Who would have imagined that John McCain would lose the election because he had a failure of courage at the last minute? Who would have guessed that he would fail to stand on principle for fear of being criticized and would fail as a result? If John McCain is to lose this election, let it at least be fighting for principle, as he has done throughout his storied career.

By backing an alternative, McCain forces Obama to defend the Democratic/Bush package. He can tie Obama to Bush and to the Washington insider/Wall Street crowd. He can give his populism a programmatic reality and a topical relevance. Obama would have to spend the rest of the election defending the $700 billion turkey the length and breadth of the country.

America detests the bailout package. Polls show better than 2-to-1 opposition. Were McCain and the Republicans able to project that there is another alternative that works, the opposition would swell to even greater proportions.

Obama and the Democrats could cite the views of Treasury Secretary Henry Paulson, Fed Chairman Ben Bernanke and Wall Street executives that the Republican relief package would be too little, too late. But voters can be pardoned for skepticism. Paulson, a few years removed from Wall Street, and Democrats, in hock to the street for campaign contributions, are naturally eager to get their hands on $700 billion. If Obama lends himself to that cause, it could cost him the election.
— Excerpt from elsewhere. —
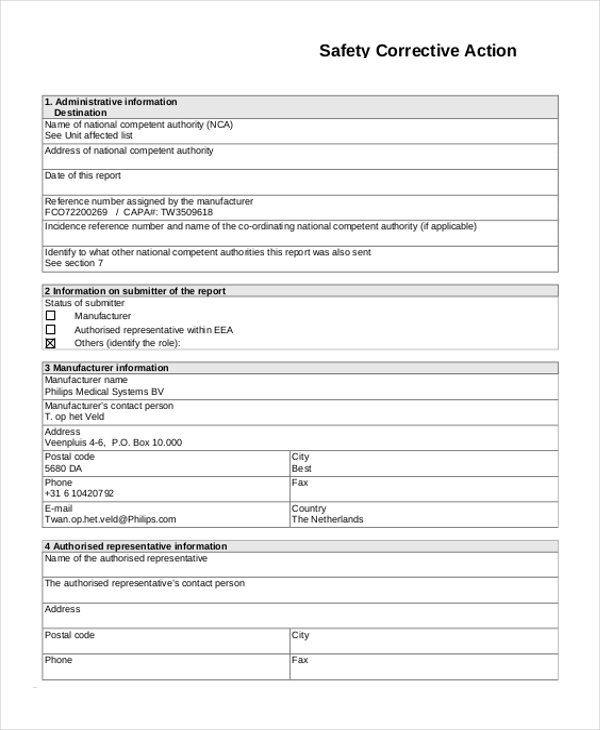 Safety Corrective Action Plan Template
McCain needs to have the courage to free himself from the web of Washington deals and take a principled stand for the right side and stay there. Then the inevitable dynamics of the process will bring the country around to him. Otherwise, his campaign will have missed the opportunity to draw the kind of clear issue that would have gotten him elected president.

It is admirable to see a candidate of principle and conviction lose an election by standing on his beliefs. It is sickening to see one lose by abandoning them.


----------



## Plainsman (Jul 30, 2003)

I see later today McCain is up to 44 compared to Obama at 48. The gap is closing again. I don't know why, but it's good news.


----------



## hunter9494 (Jan 21, 2007)

Bobm said:


> another right wing rant for my friend Robert :beer:
> 
> THERE'S STILL TIME, JOHN MCCAIN
> 
> ...


excellent analogy......he could win the election by a landslide, but it would take monster guts to accomplish this, it is an all or nothing gamble, but quite frankly, it may be his only chance.......a lot of people would support him in denying the bailout for Wall Street.....this could easily be accomplished and an alternative plan put in place to save Main Street.
the dems and the repubs are lying to us again, this bailout is not necessary and is not right for the long term and the taxpayer..this will not fix anything and only buy time, before we are in deep **** again.......


----------



## 4CurlRedleg (Aug 31, 2003)

Plainsman said:


> I see later today McCain is up to 44 compared to Obama at 48. The gap is closing again. I don't know why, but it's good news.


Americans are a little slow on the uptake, it takes 3-4 days for information to sink in. :lol:

Seriously I think the polls are skewed on any given day by the samples they take. It is still a damn close race. To close for my liken.

Hopefully McCain will cut loose Palin tomorrow night and let het her crush Biden.


----------



## Plainsman (Jul 30, 2003)

McCain is a pansy. He needs to take the muzzle of the pit bull.


----------



## huntin1 (Nov 14, 2003)

Posted this in another thread, thought I'd repost it here.

I talked with a person this past weekend who is making calls for one of these polls, they were instructed to check Obama if the caller was undecided. The poll is being sponsered by, who would have guessed, the Democrats.

So much for unbiased polls.

huntin1


----------



## Plainsman (Jul 30, 2003)

huntin1 said:


> Posted this in another thread, thought I'd repost it here.
> 
> I talked with a person this past weekend who is making calls for one of these polls, they were instructed to check Obama if the caller was undecided. The poll is being sponsered by, who would have guessed, the Democrats.
> 
> ...


I noticed depending on the poll now there is as little as two percent with some and as much as 16% with others. I was polled the other day and asked questions for 12 minutes. My wife and I usually get three or four calls every election. I have never had one that long.


----------